We identified fecal and serum metabolites in ao.PHLF vs. bo.PHLF. From the fecal metabolites, 859 characteristics of negative ion mode (NIM) and 1,802 of positive ion mode (PIM) were identified. Of these, the 156 (20 upregulated and 136 downregulated) and 430 (54 upregulated and 376 downregulated) types of metabolites of NIM and PIM, respectively, differed significantly (see Table S1). In relation to the serum metabolites under NIM and PIM, we identified 431 characteristics with 160 metabolite types (45 upregulated and 115 downregulated) and 765 characteristics with 201 metabolite types (92 upregulated and 109 downregulated), respectively (see Table S2). For the NIM and the PIM, the differential metabolites from both the feces and serum are shown in Volcano plots (see Figure 4A,4B, and Figure S3A,S3B). From the orthogonal PLS-DA, the metabolic data of both feces and serum showed significant differences in ao.PHLF vs. bo.PHLF under both NIM and PIM (see Figure 4C,4D, and Figure S3C,S3D). The KEGG analysis of differential metabolites in ao.PHLF vs. bo.PHLF indicated that, under the NIM, the most activated BCAA metabolic pathways were involved in valine, leucine, and isoleucine degradation and biosynthesis (see Figure 4E,4F), which were rich in metabolite 3-methyl-2-oxobutanoic acid (see Table 3). A Venn diagram plot of both the fecal and serum differential metabolites identified 13 overlaps, among which 3-methyl-2-oxobutanoic acid showed a downward trend in the ao.PHLF group (see Figure 5A). Conversely, no BACC pathway enrichment was observed in cases of PIM (see Figure S3E,S3F). Collectively, the results showed that the BACC metabolic pathway was affected by hepatectomy, and hub-metabolite 3-methyl-2-oxobutanoic acid was significantly suppressed in both the feces and serum.
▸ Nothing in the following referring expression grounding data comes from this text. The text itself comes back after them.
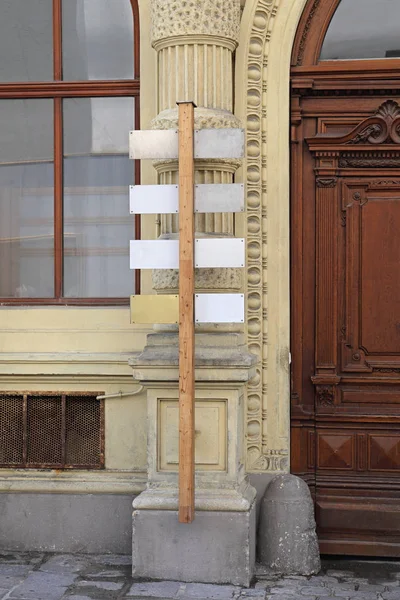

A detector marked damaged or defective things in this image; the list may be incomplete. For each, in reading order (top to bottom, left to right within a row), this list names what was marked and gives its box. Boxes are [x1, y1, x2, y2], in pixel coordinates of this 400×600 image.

rusty ventilation grille [0, 394, 104, 468]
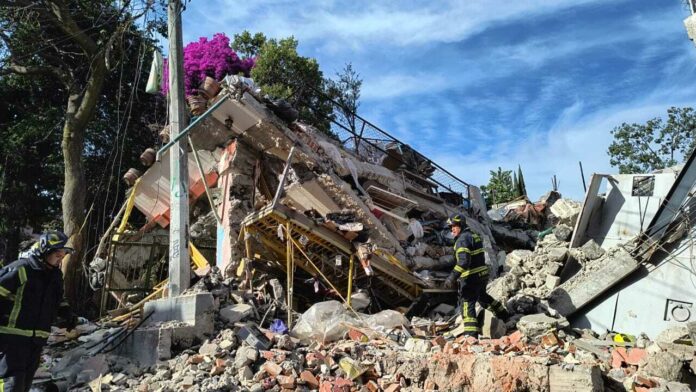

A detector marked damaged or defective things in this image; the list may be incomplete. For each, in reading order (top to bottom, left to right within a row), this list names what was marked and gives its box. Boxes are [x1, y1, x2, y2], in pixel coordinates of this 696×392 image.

damaged structure [39, 74, 696, 392]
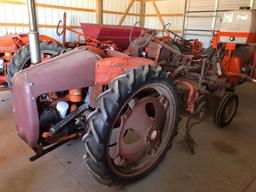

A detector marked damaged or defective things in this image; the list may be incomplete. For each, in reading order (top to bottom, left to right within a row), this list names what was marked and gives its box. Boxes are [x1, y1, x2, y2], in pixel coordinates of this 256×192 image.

rusty metal surface [11, 48, 97, 147]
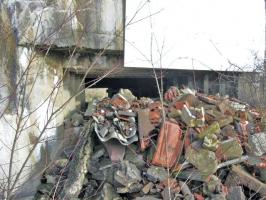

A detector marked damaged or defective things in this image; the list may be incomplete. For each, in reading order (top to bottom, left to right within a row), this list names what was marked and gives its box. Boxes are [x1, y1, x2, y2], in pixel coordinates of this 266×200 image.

Figure 4 Comparative metabolomics analysis to determine the change in fecal and serum metabolites in ao.PHLF from bo.PHLF. The metabolites were identified in the NIM. Volcano plot showing the number of dysregulated metabolites in the (A) fecal and (B) serum. PLS-DA of fecal and serum metabolites profiles in the (C) fecal and (D) serum. KEGG enrichment scatter plot showing the alteration in metabolisms and biological processes in the (E) fecal and (F) serum; the annotated pathways were sorted by the values of −log10 (P value). PHLF, post-hepatectomy liver failure; ao, after-operation; bo, before-operation; NIM, negative ion mode; PLS-DA, partial least square discriminant analysis; KEGG, Kyoto Encyclopedia of Genes and Genomes.

Table 3

Differential metabolites of metabolic enrichment of branched chain amino acids in NIM

Pathway Fecal metabolites Serum metabolites
Valine, leucine and isoleucine biosynthesis 3-methyl-2-oxobutanoic acid (down) 3-methyl-2-oxobutanoic acid (down)
2-Oxobutyric acid (down)
CCitraconic acid (up)
Valine, leucine and isoleucine degradation 3-methyl-2-oxobutanoic acid (down) 3-methyl-2-oxobutanoic acid (down)
Acetoacetate (down)

NIM, Negative Ion Mode.

Figure 5 Integrated omics analysis in PHLF (A) Venn diagram showing the numbers of hub metabolites among the fecal and serum metabolites, differential multiples of hub metabolites in the feces and serum. (B) Spearman’s correlations between the 5 genera with a significant difference and the relative concentration of differential metabolites in feces. PHLF, post-hepatectomy liver failure.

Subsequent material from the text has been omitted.